» **WHAT THE TASK REQUIRES**
Reproduce exactly only the lines from the line that holds "1325 Pacific Hwy #805 — Photo 29" to the line that holds "Blue oldtimer pic1", inclusive, in the listing below, and please leave out every picture.

» **PROVIDED DATA**
Segment Open

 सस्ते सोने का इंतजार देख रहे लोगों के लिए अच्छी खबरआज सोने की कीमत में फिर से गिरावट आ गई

Segment Closed
Segment Open

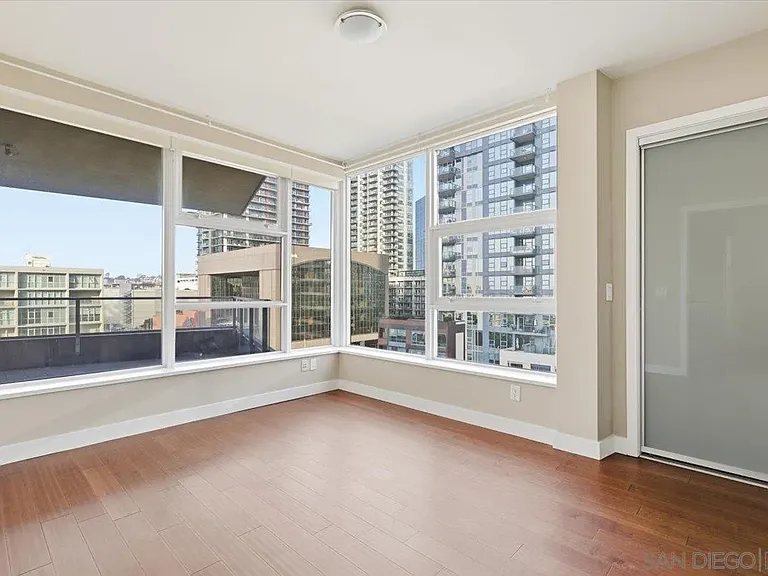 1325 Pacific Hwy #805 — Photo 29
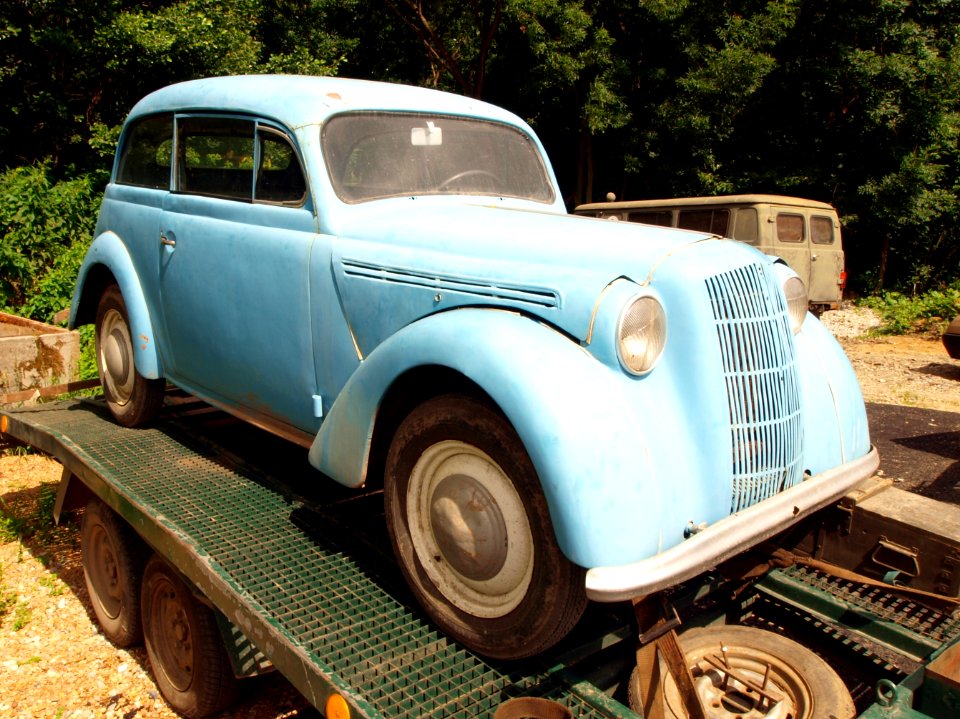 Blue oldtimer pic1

Segment Closed

» **ANSWER SECTION**
 1325 Pacific Hwy #805 — Photo 29
 Blue oldtimer pic1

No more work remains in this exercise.